◆ **Requirement**:
Beginning at the line that contains "istock Sport woman 1174477864", reproduce the entries below exactly, ending with the line that contains "Arrowhead Necklace (NEW!)". Omit each picture.

◆ **Material provided**:
★ ★ ★

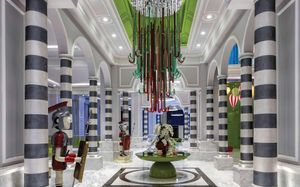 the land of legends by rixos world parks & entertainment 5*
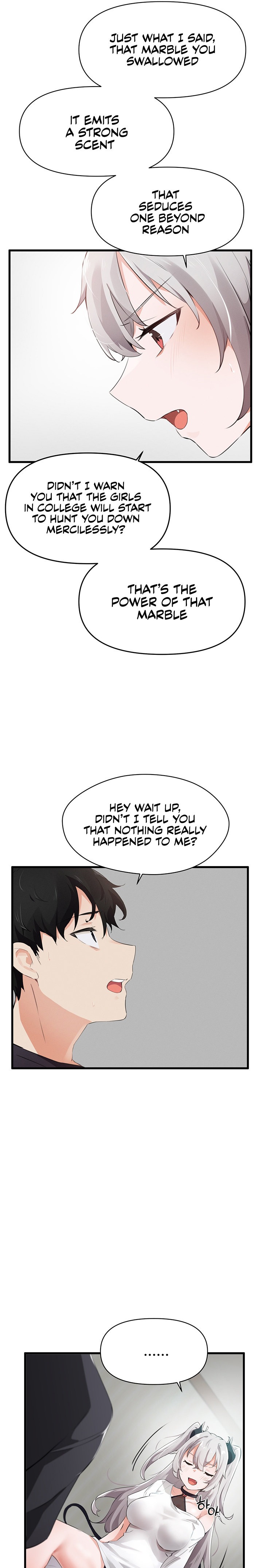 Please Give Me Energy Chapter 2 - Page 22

★ ★ ★

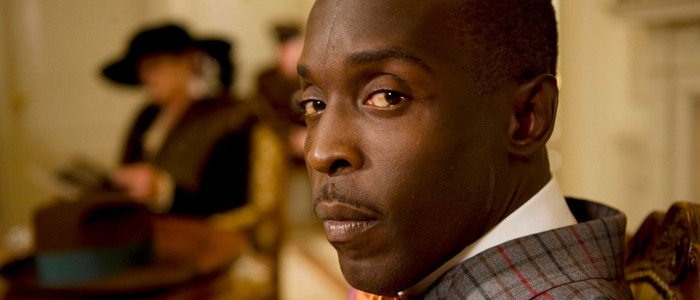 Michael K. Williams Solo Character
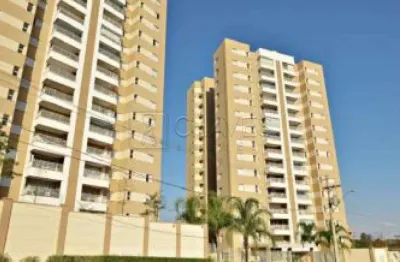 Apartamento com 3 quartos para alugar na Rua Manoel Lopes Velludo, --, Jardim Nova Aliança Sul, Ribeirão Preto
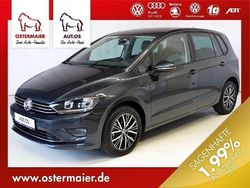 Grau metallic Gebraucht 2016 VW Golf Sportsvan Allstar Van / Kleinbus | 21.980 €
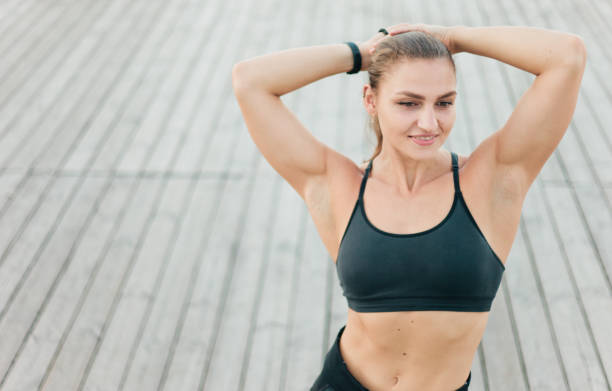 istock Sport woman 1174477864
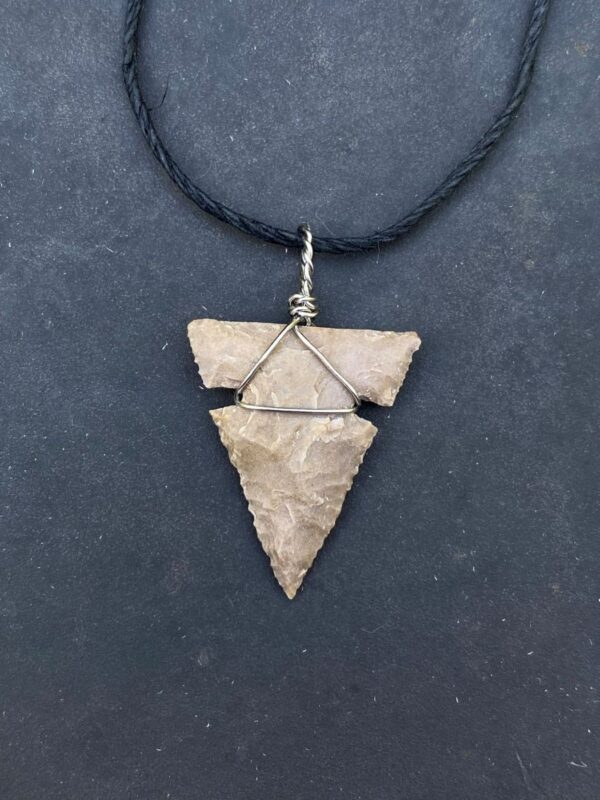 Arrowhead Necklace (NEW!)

★ ★ ★

◆ **Response to this task**:
 istock Sport woman 1174477864
 Arrowhead Necklace (NEW!)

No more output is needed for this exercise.